- [Your assignment]:
For this exercise, restate every line below word for word and drop the images.

- [Raw data]:
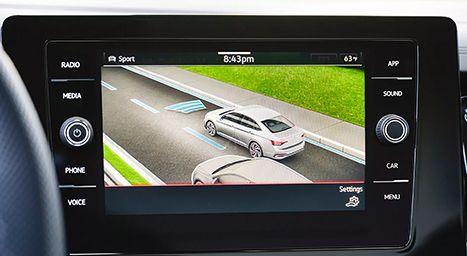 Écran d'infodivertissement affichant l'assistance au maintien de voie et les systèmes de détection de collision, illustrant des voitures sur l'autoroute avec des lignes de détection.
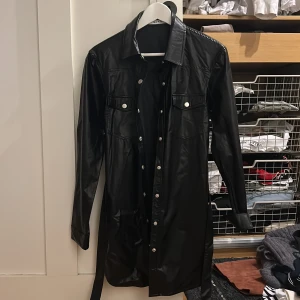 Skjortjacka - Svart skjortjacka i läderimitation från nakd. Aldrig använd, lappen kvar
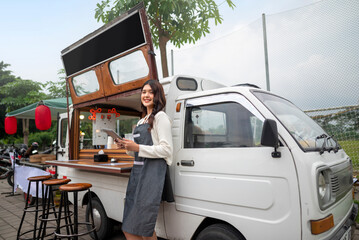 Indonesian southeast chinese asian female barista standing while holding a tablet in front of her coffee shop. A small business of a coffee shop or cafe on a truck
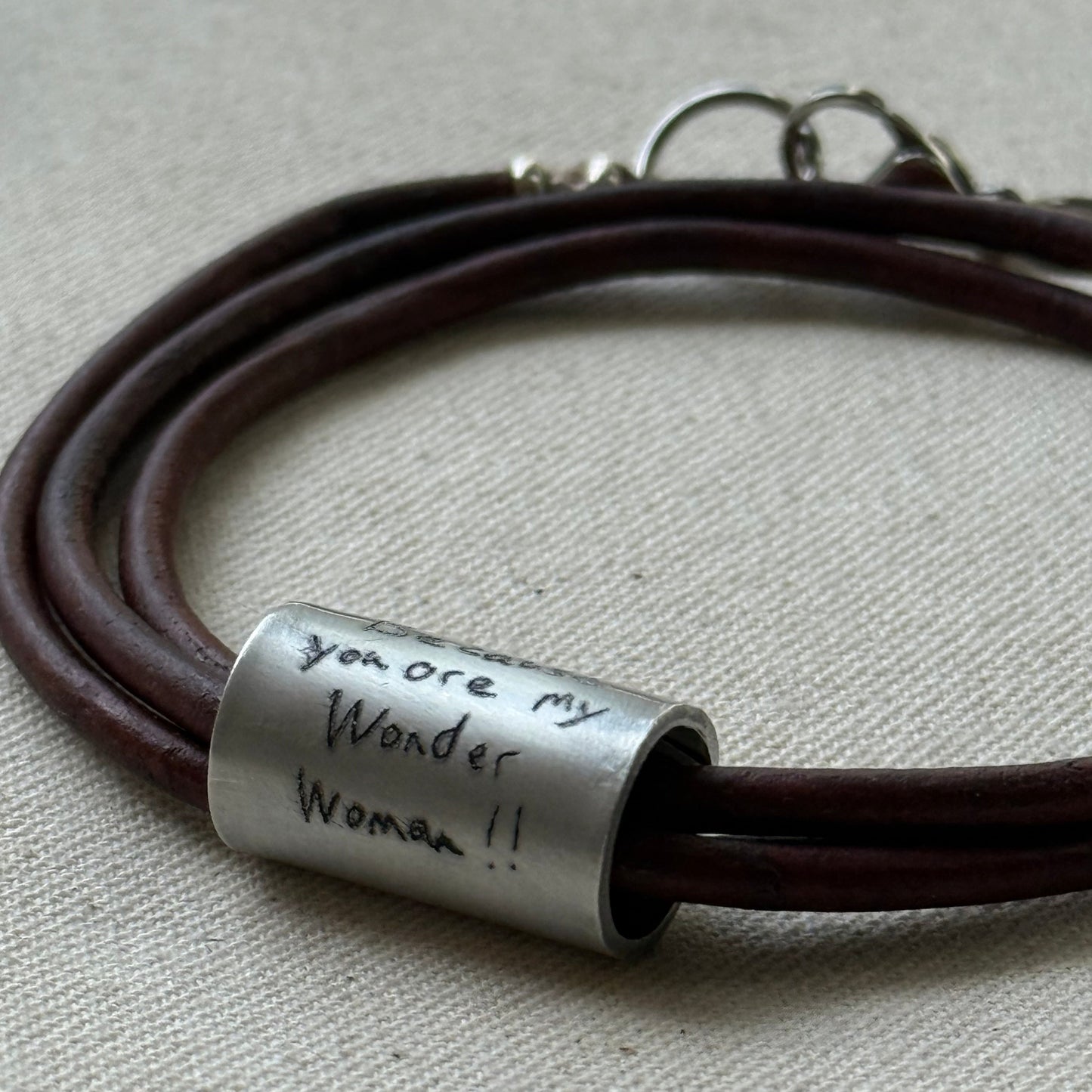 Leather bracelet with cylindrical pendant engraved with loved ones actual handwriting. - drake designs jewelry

- [Reply to the exercise]:
 Écran d'infodivertissement affichant l'assistance au maintien de voie et les systèmes de détection de collision, illustrant des voitures sur l'autoroute avec des lignes de détection.
 Skjortjacka - Svart skjortjacka i läderimitation från nakd. Aldrig använd, lappen kvar
 Indonesian southeast chinese asian female barista standing while holding a tablet in front of her coffee shop. A small business of a coffee shop or cafe on a truck
 Leather bracelet with cylindrical pendant engraved with loved ones actual handwriting. - drake designs jewelry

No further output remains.